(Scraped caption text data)
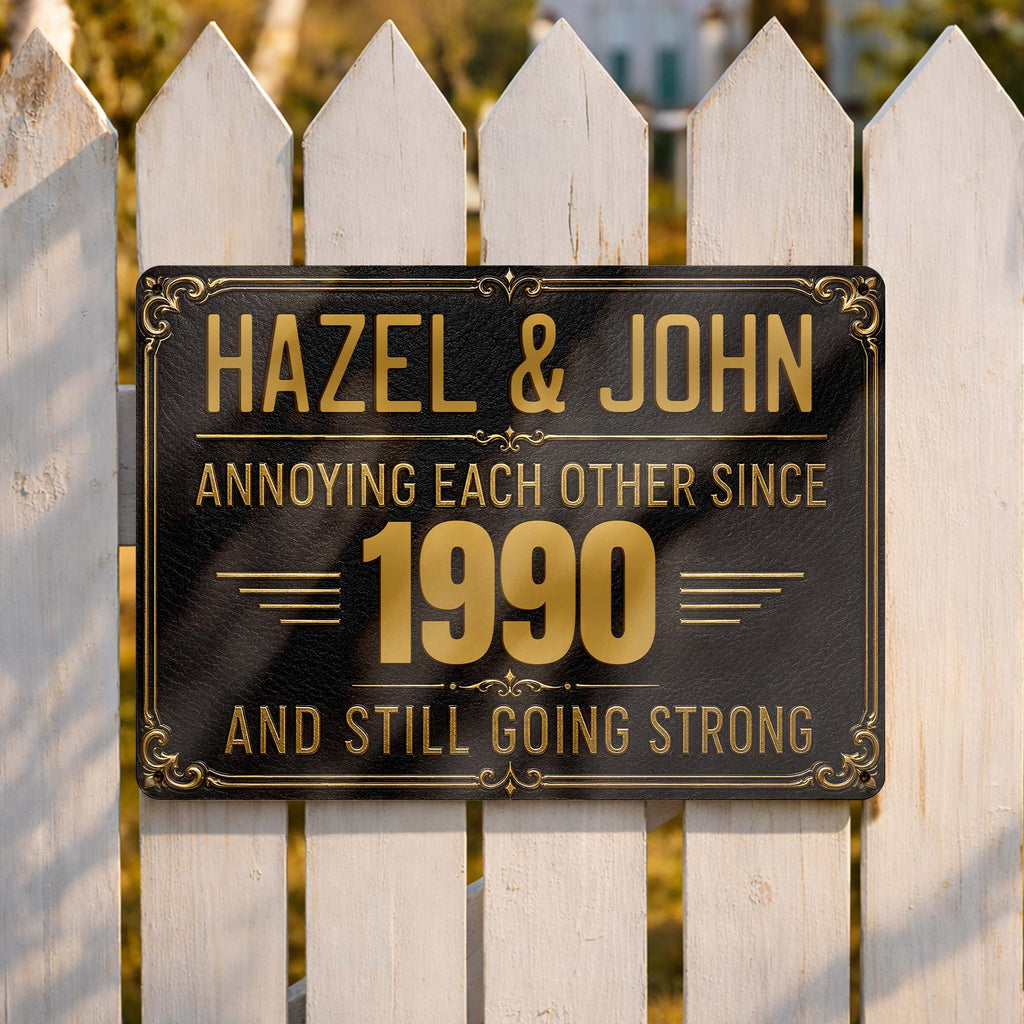Personalized Metal Sign Custom Names Anniversary Gift for Couples Metal Sign GradoCreations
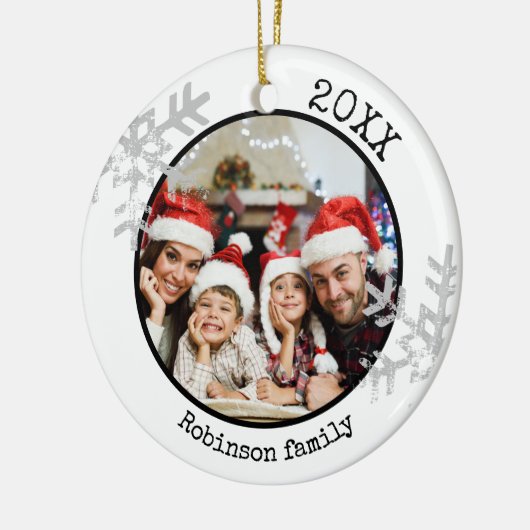 Custom Foto White Snowflake Keramik Ornament (Links)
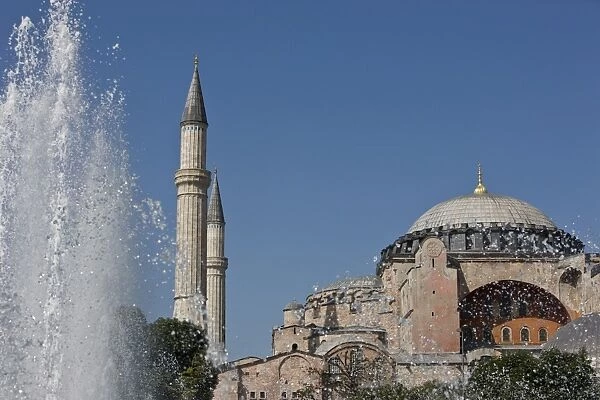 Hagha Sophia with fountain in foreground, UNESCO World Heritage Site, Istanbul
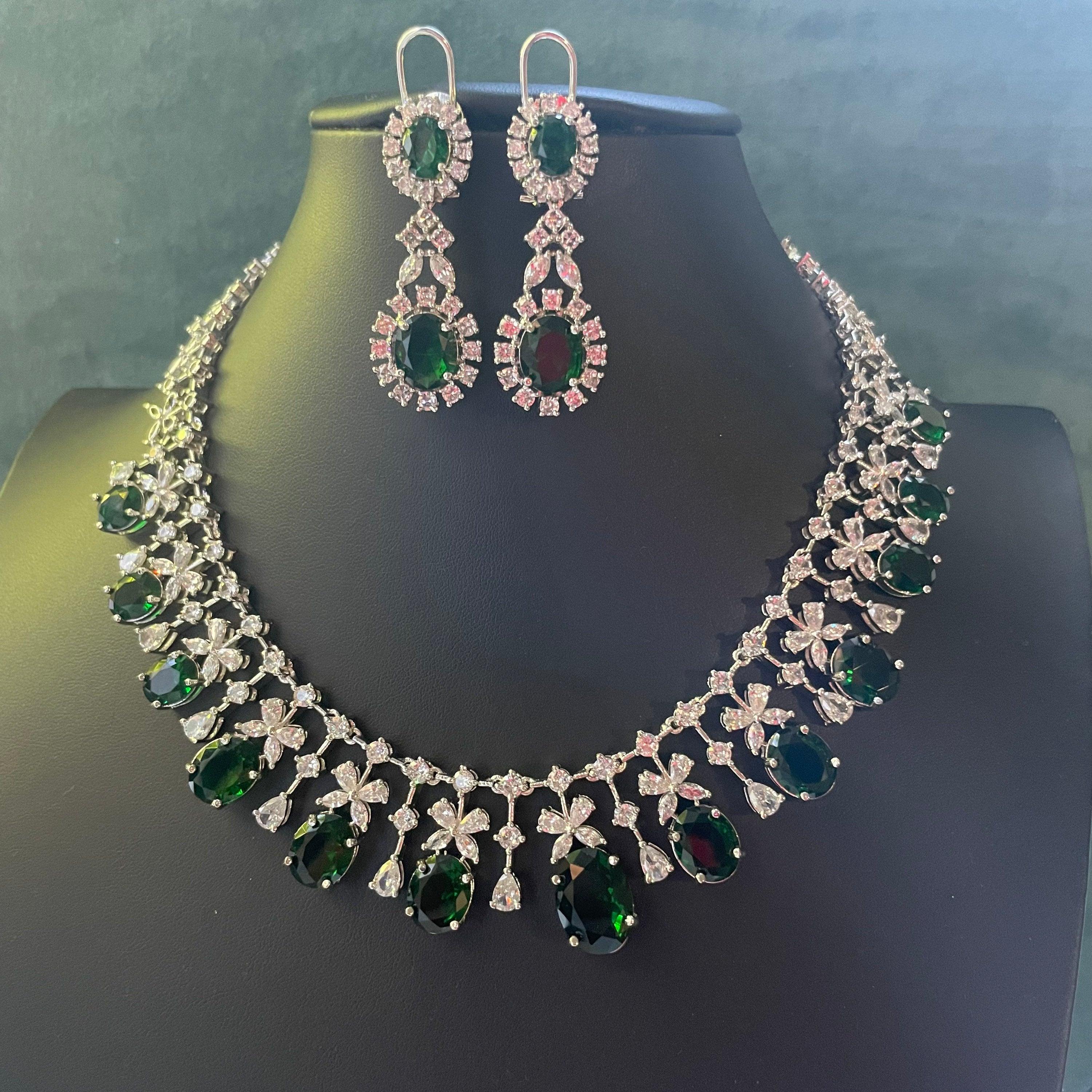 Emerald Cubic Zirconium Necklace/Indian Necklace/ Indian Jewelry/ American Diamond Necklace/ Wedding Necklace/ Diamond Necklace/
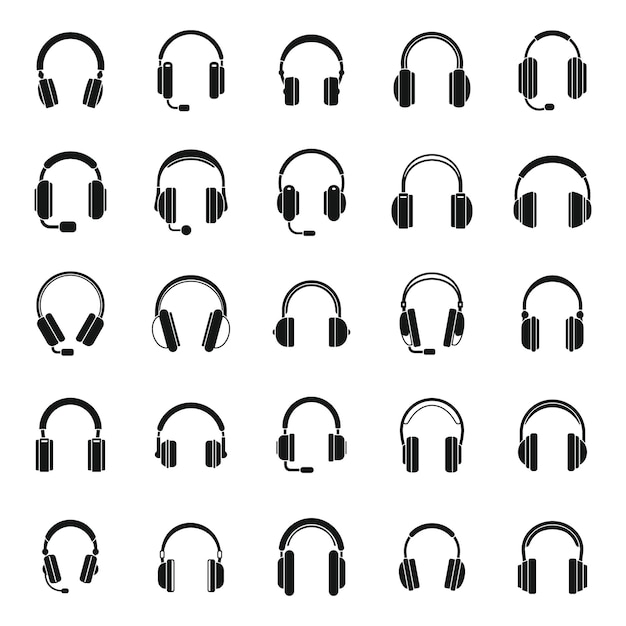 Los iconos de accesorios de auriculares establecen vector simple. auriculares con cable de audio. comunicación de llamada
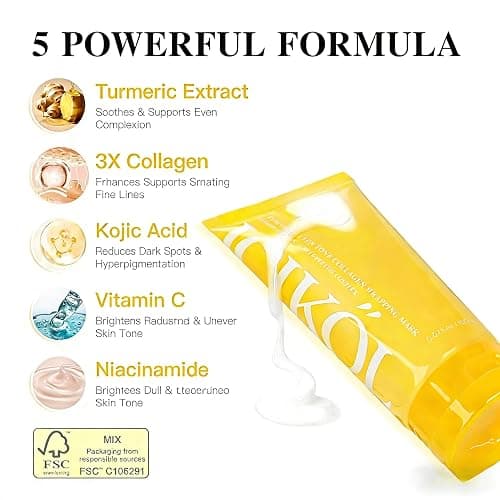 ICIKOL Turmeric Collagen Night Wrapping Mask, Kojic Acid Overnight Peel Off Face Masks with Vitamin C for Refresh Dullness Looking Skin, Hydrating Facial Masks Radiant Women Skin, 5.07 oz Large Size thumbnail 2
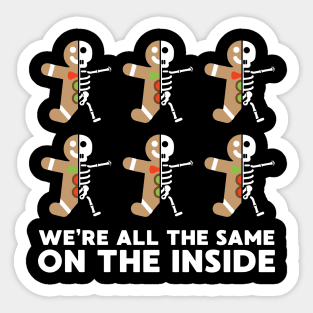 Gingerbread Man Funny Christmas Skeleton Sticker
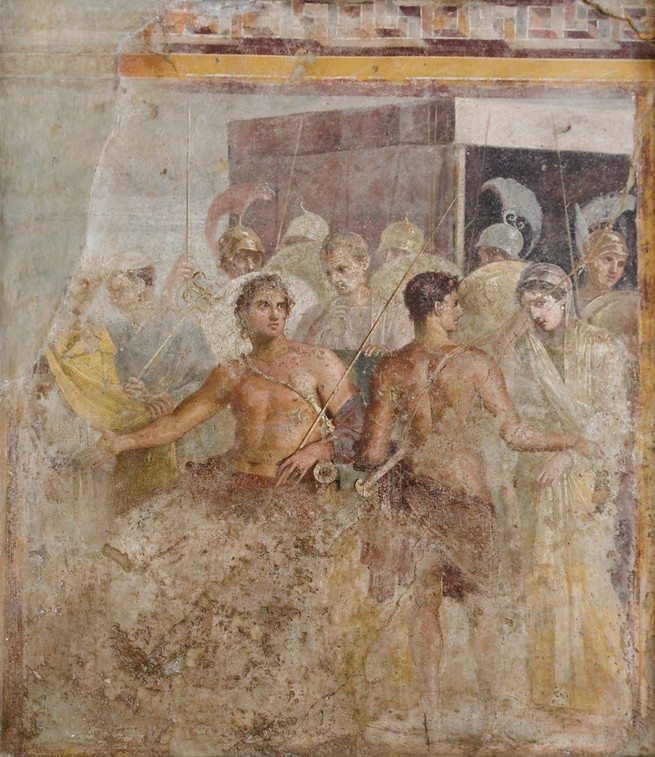 A first-century fresco depicts Briseis (right) being led from the tent of Achilles (left)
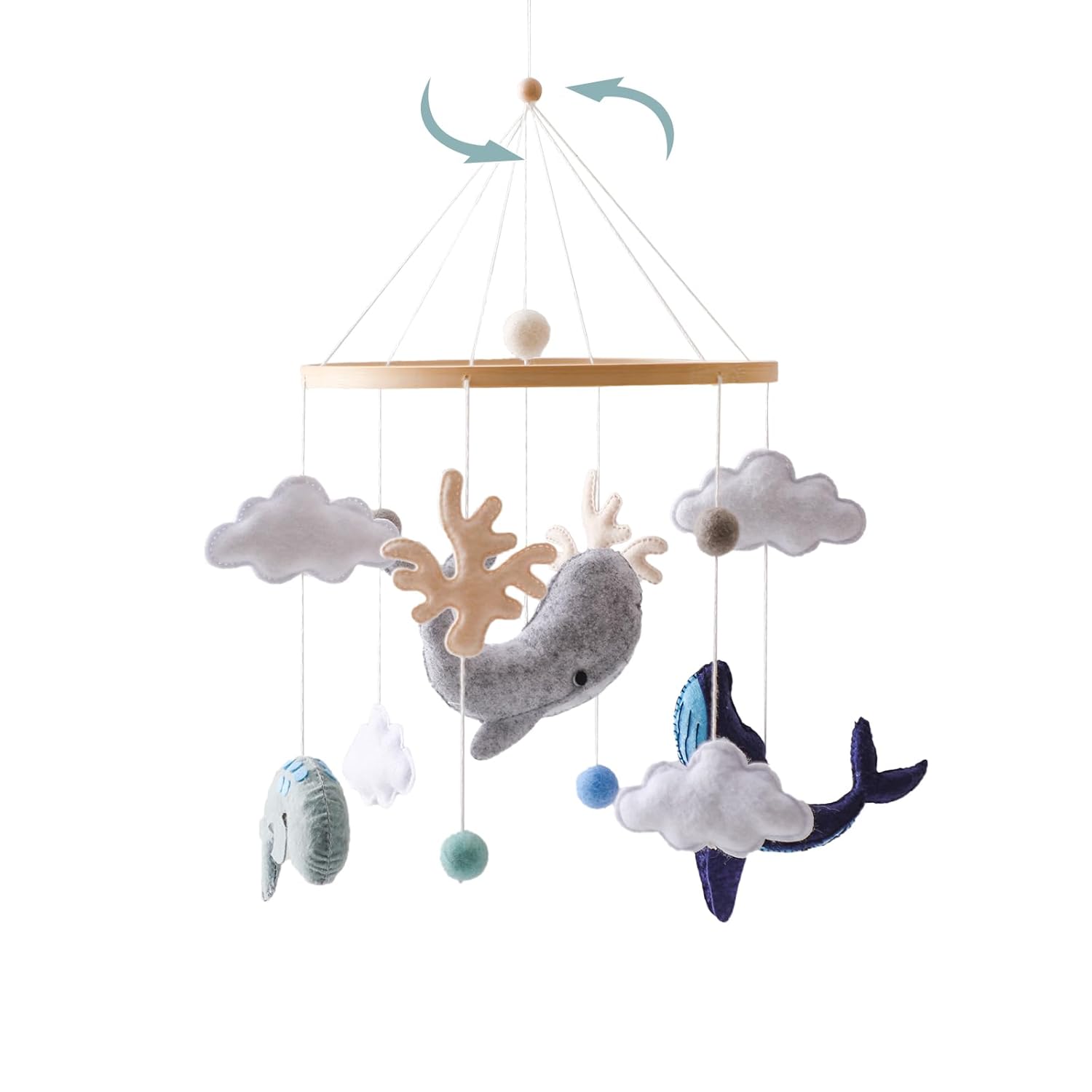 Baby Mobile for Crib Baby Nursery Mobiles Handmade Felt Ocean Animal Mobile for Crib Baby Boys and Girls Nursery Decor for Infant Bedroom Hanging Gender Neutral Baby Stuff（Whales）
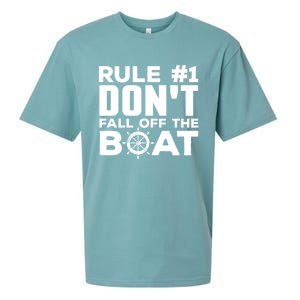 Boating Funny Gift Rule #1 Dont Fall Off The Boat Funny Saying Gift Sueded Cloud Jersey T-Shirt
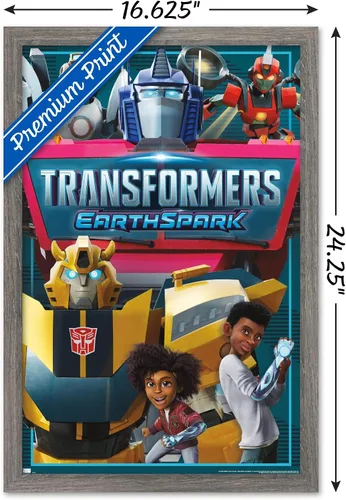 Vista 3 de Trends International Transformers: Earthspark - Póster de pared de grupo, 14.725 x 22.375 pulgadas, versión enmarcada de madera de granero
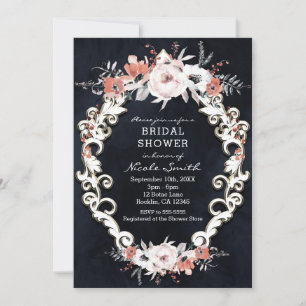 Convites Pálido Floral Escuro Giz Elegante Chic Chá de Noiv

• Exercise directions
Leaving out any images, restate every record word for word.

• Answer section
Personalized Metal Sign Custom Names Anniversary Gift for Couples Metal Sign GradoCreations
 Custom Foto White Snowflake Keramik Ornament (Links)
 Hagha Sophia with fountain in foreground, UNESCO World Heritage Site, Istanbul
 Emerald Cubic Zirconium Necklace/Indian Necklace/ Indian Jewelry/ American Diamond Necklace/ Wedding Necklace/ Diamond Necklace/
 Los iconos de accesorios de auriculares establecen vector simple. auriculares con cable de audio. comunicación de llamada
 ICIKOL Turmeric Collagen Night Wrapping Mask, Kojic Acid Overnight Peel Off Face Masks with Vitamin C for Refresh Dullness Looking Skin, Hydrating Facial Masks Radiant Women Skin, 5.07 oz Large Size thumbnail 2
 Gingerbread Man Funny Christmas Skeleton Sticker
 A first-century fresco depicts Briseis (right) being led from the tent of Achilles (left)
 Baby Mobile for Crib Baby Nursery Mobiles Handmade Felt Ocean Animal Mobile for Crib Baby Boys and Girls Nursery Decor for Infant Bedroom Hanging Gender Neutral Baby Stuff（Whales）
 Boating Funny Gift Rule #1 Dont Fall Off The Boat Funny Saying Gift Sueded Cloud Jersey T-Shirt
 Vista 3 de Trends International Transformers: Earthspark - Póster de pared de grupo, 14.725 x 22.375 pulgadas, versión enmarcada de madera de granero
 Convites Pálido Floral Escuro Giz Elegante Chic Chá de Noiv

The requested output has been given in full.